Regional IT users lack awareness of security threats, delegates at an e-security forum were warned this month

Regional IT users lack awareness of security threats, delegates at an e-security forum were warned this month.

“There is a significant lack of awareness among users, whether they are general public or even enterprises,” said Rashed Al Alabbar, product manager of security at Etisalat, speaking at Etisalat’s eSecurity forum, held in Abu Dhabi earlier month.

Users have an astonishing lack of awareness about how to secure themselves and how to protect themselves online, whether using online services or normal e-mails or visiting websites, Al Alabbar warned.

“There are a lot of threats around these normal day-to-day usages and they are now constantly being exploited by hackers and attackers. If we can compare our region to Europe or the US, I would assume that probably awareness is even less here and the efforts being made to raise awareness are far less than the others,” he said.

Another issue, Al Alabbar said, is who is responsibile for security. “Is it on the consumer, is it on the end user or does it lie on the service provider whether that is a communication service provider like Etisalat or a financial service provider like banks?” he asked.
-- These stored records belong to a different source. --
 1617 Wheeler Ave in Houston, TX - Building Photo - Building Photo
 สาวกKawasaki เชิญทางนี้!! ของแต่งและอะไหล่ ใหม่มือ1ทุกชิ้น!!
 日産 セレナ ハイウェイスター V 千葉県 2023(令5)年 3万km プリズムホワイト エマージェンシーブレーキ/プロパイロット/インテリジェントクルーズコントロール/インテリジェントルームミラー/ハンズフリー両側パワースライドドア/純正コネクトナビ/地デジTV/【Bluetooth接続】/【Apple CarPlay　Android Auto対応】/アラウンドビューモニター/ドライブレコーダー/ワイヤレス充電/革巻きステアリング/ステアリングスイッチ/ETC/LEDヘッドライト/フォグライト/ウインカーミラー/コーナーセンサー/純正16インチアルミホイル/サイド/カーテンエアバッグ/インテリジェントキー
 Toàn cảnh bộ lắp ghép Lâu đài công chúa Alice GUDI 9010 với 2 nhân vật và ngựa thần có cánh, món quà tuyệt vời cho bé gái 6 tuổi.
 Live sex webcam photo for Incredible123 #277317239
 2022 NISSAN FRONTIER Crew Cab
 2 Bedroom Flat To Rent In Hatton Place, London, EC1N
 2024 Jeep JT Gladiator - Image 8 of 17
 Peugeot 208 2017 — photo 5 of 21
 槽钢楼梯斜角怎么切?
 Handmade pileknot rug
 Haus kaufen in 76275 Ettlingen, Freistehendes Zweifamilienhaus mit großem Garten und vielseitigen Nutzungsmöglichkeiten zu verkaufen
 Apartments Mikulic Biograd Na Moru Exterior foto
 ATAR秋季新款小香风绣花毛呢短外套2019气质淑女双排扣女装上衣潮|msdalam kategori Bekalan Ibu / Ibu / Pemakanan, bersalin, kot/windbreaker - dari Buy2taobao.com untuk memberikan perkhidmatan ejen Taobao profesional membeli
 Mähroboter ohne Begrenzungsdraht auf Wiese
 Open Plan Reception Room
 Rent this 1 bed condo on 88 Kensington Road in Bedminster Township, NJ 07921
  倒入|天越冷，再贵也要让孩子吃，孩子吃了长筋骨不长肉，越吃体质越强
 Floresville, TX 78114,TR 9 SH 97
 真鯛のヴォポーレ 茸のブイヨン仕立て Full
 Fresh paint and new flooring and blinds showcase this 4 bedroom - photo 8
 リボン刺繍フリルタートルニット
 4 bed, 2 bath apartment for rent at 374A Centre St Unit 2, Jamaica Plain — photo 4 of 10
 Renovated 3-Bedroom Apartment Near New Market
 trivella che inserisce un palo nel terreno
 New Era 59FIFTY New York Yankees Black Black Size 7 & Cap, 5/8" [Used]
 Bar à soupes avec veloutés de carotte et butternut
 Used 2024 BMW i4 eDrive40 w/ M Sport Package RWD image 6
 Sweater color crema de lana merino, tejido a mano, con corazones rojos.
Al Alabbar said that with, for example, banking, there is a question mark over who should take responsibility for a system being hacked, whether the responsibility lies with the customer for being ignorant of threats or with the bank for not having educated the customer properly.

Banks and financial institutions are the companies most at risk in the region, Al Alabbar said, although there is an increase in attacks targeted at the general public which is generally seen as less aware and an easier target.

Phishing attacks, ID theft and denial-of-service attacks were identified as the main threats in the region, Al Alabbar added.

One of the main recommendations to come out of the forum was a call for greater regulation in the Middle East.

In comparison to the US and Europe, there is a distinct lack of regulation governing both the need for organisations to abide by standards regarding information security and to ensure the public is aware of privacy issues, Al Alabbar said.

“If we start off, we should start off with a consolidated regulation, one regulation that covers various aspects of the needs of different sectors,” he suggested at the event.